Given that Dame Mitsuko Uchida is such a staunch champion of Schoenberg’s music, including him in her choice of encores and frequently performing his piano concerto, I had half expected to see her standing in front of the fifteen players that he requires for his Chamber Symphony no. 1. After all, some famous conducting names have been in charge of Mozart’s “Gran Partita” serenade, and that only specifies a band of thirteen. But that was not the case here in this latest concert given by the Mahler Chamber Orchestra as part of an extended tour.
It took a live performance of Schoenberg’s Erwartung to alert me to the teeming drama of much of his music. At a time when the musical world was moving towards ever more gargantuan symphonic constructions, all ringing with nods to Brahms, Strauss and Wagner, here was the leading exponent of the Second Viennese School striking a completely opposite course in 1906. All but two of the players stood for this performance, powerfully led by José Maria Blumenschein, endowing it with the quality of directness and immediacy, the virtuoso team superbly well blended but also allowing space for individual solo lines.

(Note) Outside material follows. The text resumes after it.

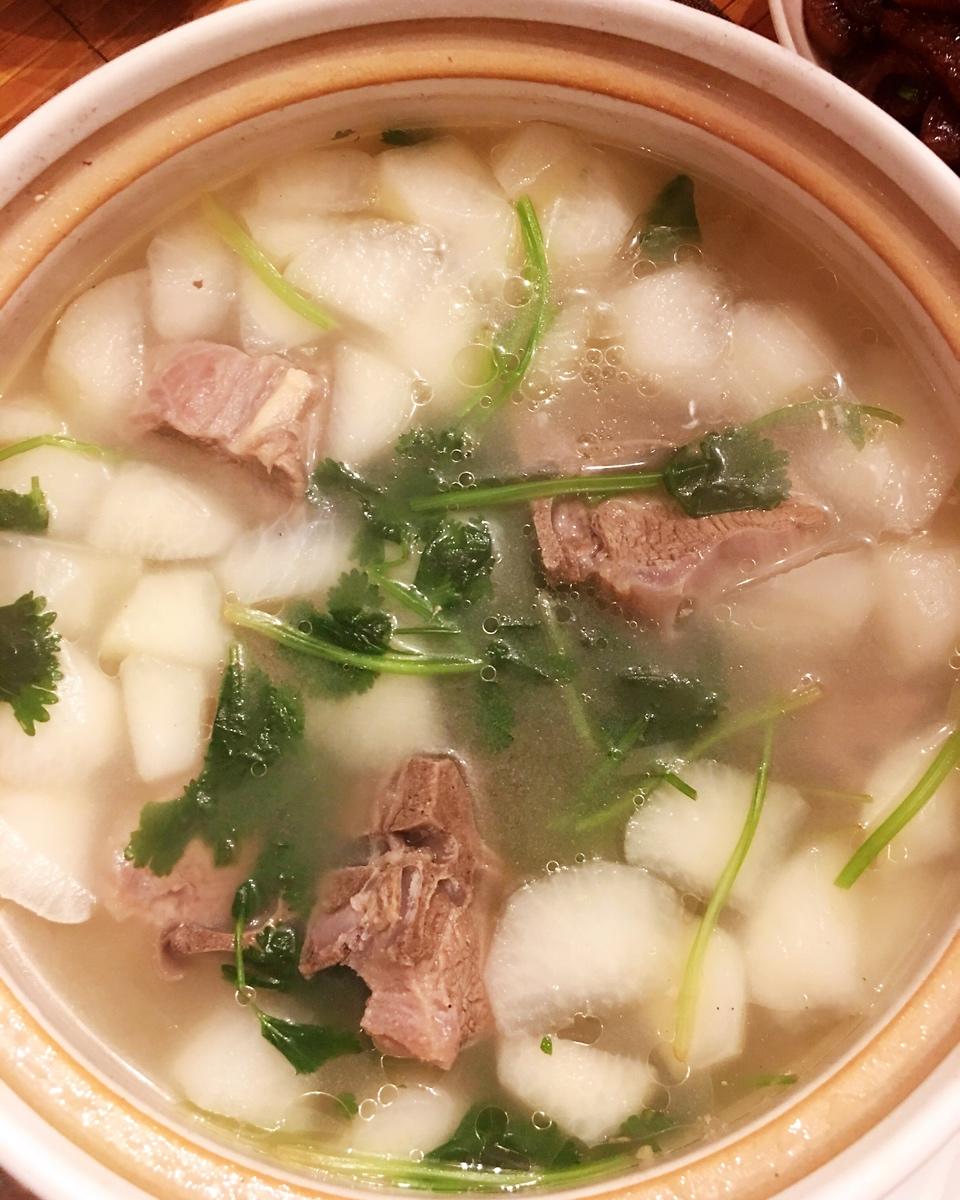 冬日御寒羊肉汤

The single-movement work closely follows the pattern of a more traditional symphony. Quite apart from the cohesion derived from motivic connections based on fourths, the piece bristles with mercurial shifts in tone and texture as well as ear-catching technical details: repeated pizzicatos delivered with dramatic intensity, col legno effects introducing a degree of spookiness, stopped horns adding a touch of menace, a bassoon line reminding me of Mahler’s second Nachtmusik from his Seventh Symphony, written just two years earlier, the lush chromaticism of the Adagio section giving the lie to claims that Schoenberg and his disciples only produced “intellectual” music, and not least the physicality of the concluding pages where helter-skelter excitement builds, the notes pouring forth from a seemingly endless cornucopia of sounds. This was one of those performances which I wanted to hear all over again.

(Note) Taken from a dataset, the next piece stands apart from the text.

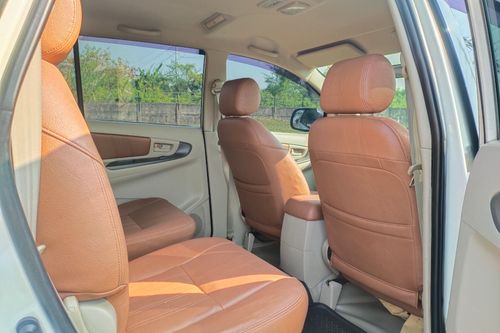 2013 Toyota Innova DIESEL G 2.4 AT bekas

When Uchida plays Mozart, one is tempted to reach for superlatives. Two of his piano concertos framed the later work cast in the Viennese tradition. Uchida has altered her sound palette preferences over the years, and now adopts a noticeably period feel for the K503 concerto, with little vibrato, natural trumpets and hard-sticked timpani. Wind and brass dominated the long orchestral introduction, taken quite briskly, and it was this astringency together with several staccato accents which slightly robbed the opening Allegro maestoso of its character. However, there was no questioning that this was chamber-like playing on an extraordinarily high level. Uchida and her 37 players were on the same wavelength, responding with old-fashioned courtoisie to each intervention. If ultimately it was the elegance of the salon rather than the spaciousness of the Hall of Mirrors, the jewel-box was open on display, the individual stones gleaming and glittering.

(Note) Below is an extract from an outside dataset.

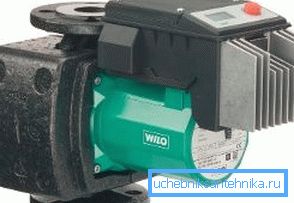 La bomba de aumento para el suministro de agua asegurará una presión estable en el suministro de agua incluso en las líneas antiguas. La bomba de aumento para el suministro de agua asegurará una presión estable en el suministro de agua incluso en las líneas antiguas.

I’m tempted to argue that K595, a softer-grained piece, is a more appropriate vehicle for Uchida’s remarkable pianism than the earlier concerto. She perfectly judged the sombre mood of the opening Allegro, giving it the quality of a candle-lit soirée, the pauses pregnant with meaning just before the descent into the minor key, the luminescence of her playing a thing of wondrous beauty. But it was the Larghetto which stood out for me, phrased with utter simplicity, her ravishing tone set against the hushed strings, quite exquisite in realisation, allowing the spirit to float free of the clouds above. To recall Robert Browning’s words, this was a case of “God’s in his heaven, All’s right with the world”.